_What is needed_. From the line that contains "5串10A 大電流 18650鋰電池保護(hù)板" through the end of the records below, write out each line exactly as it appears, but not the pictures.

START Study material

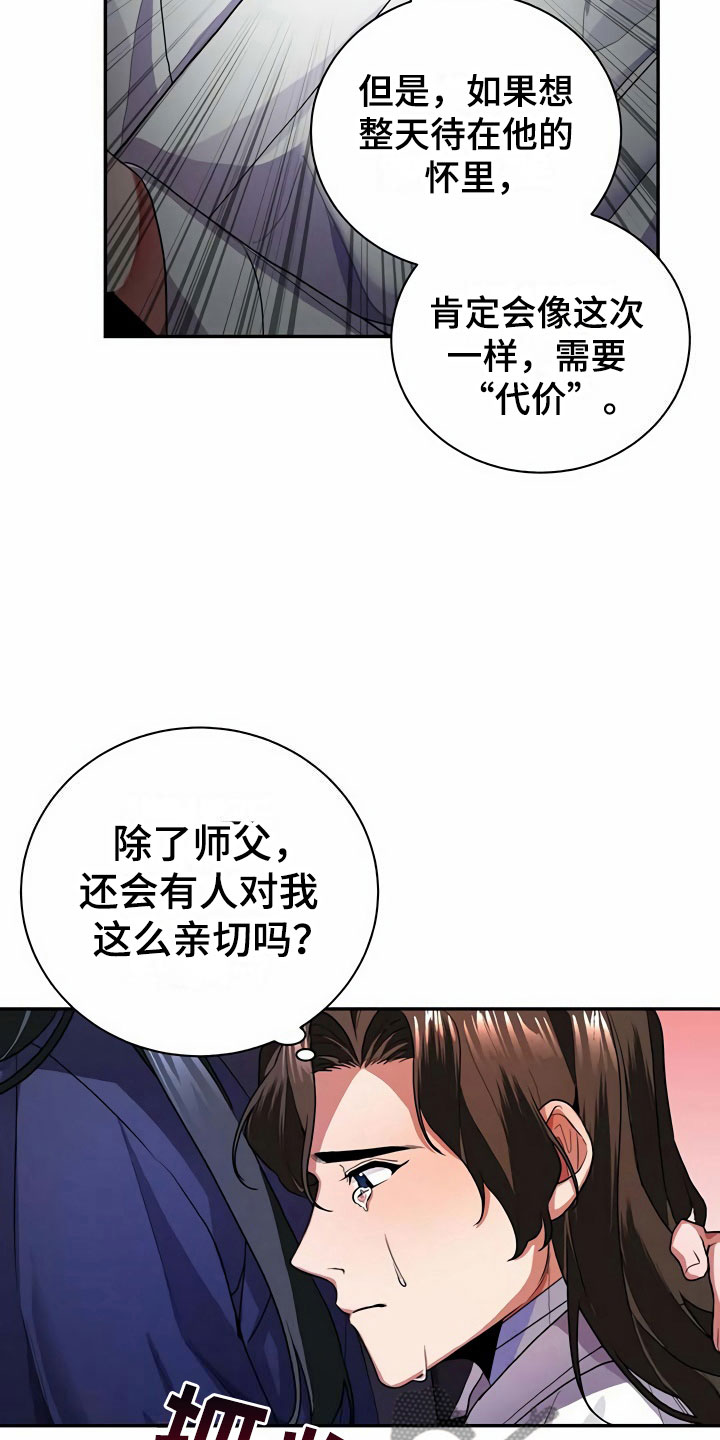 《夜林秘史》漫画最新章节第8章：满月免费下拉式在线观看章节第【13】张图片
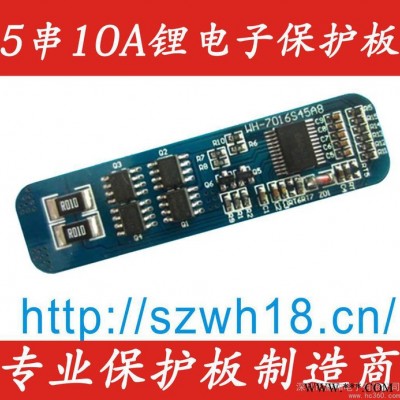供應(yīng)威和WH-7016S45A8   5串10A 大電流 18650鋰電池保護(hù)板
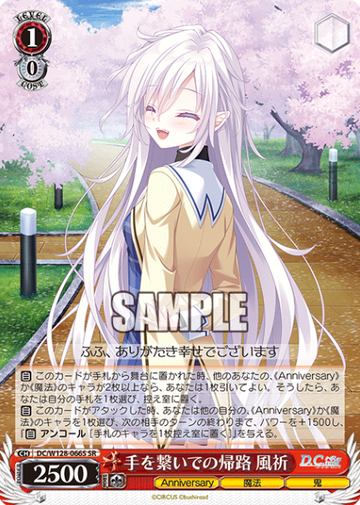 Fuuki SR DC/W128-066S - D.C. Re:tune
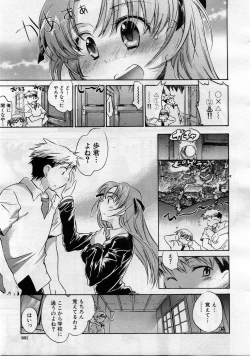 Page 314 of COMIC MUJIN 2005-11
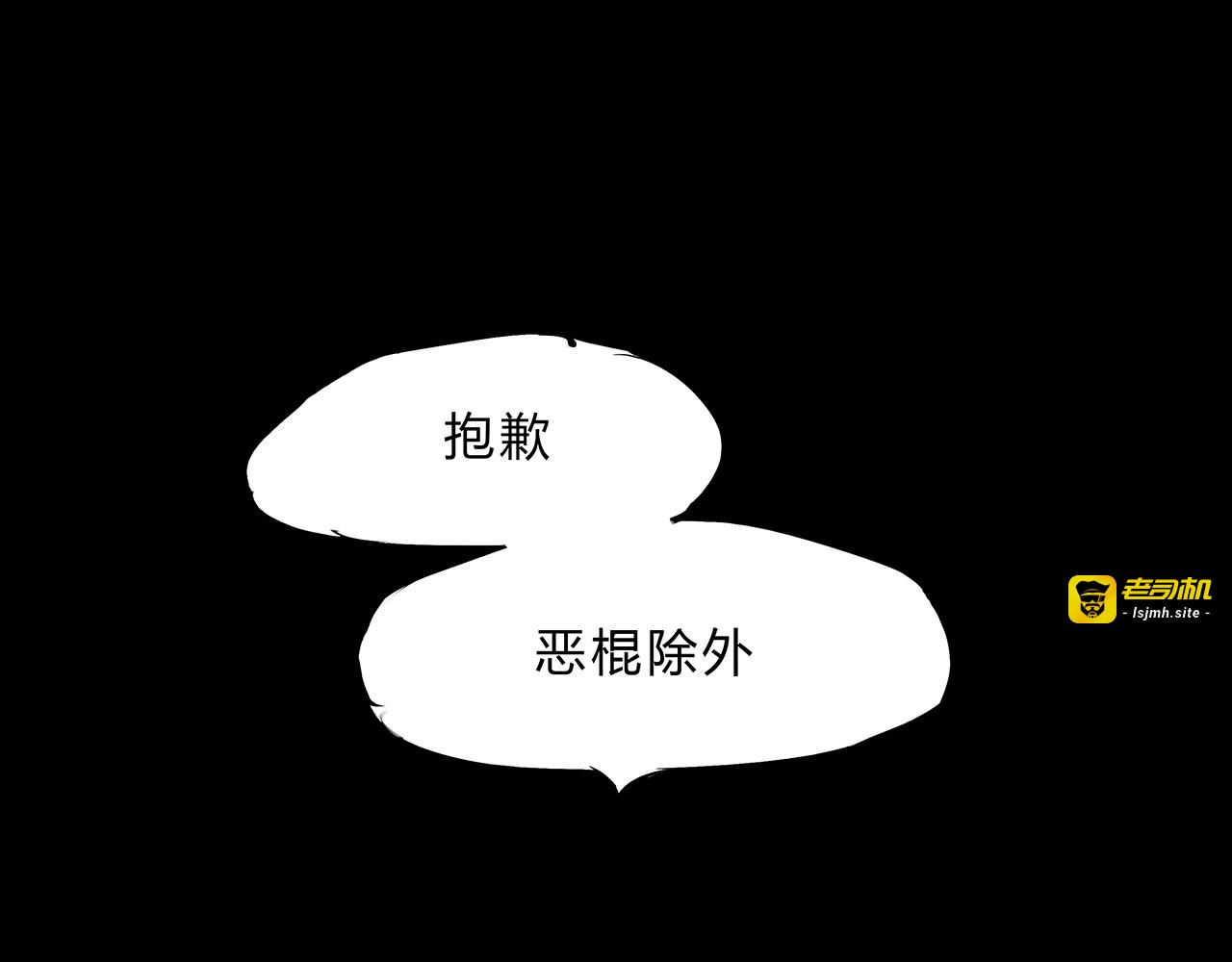第46话 错吻 第 29 页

END Study material

_Problem solution_.
供應(yīng)威和WH-7016S45A8   5串10A 大電流 18650鋰電池保護(hù)板
 Fuuki SR DC/W128-066S - D.C. Re:tune
 Page 314 of COMIC MUJIN 2005-11
第46话 错吻 第 29 页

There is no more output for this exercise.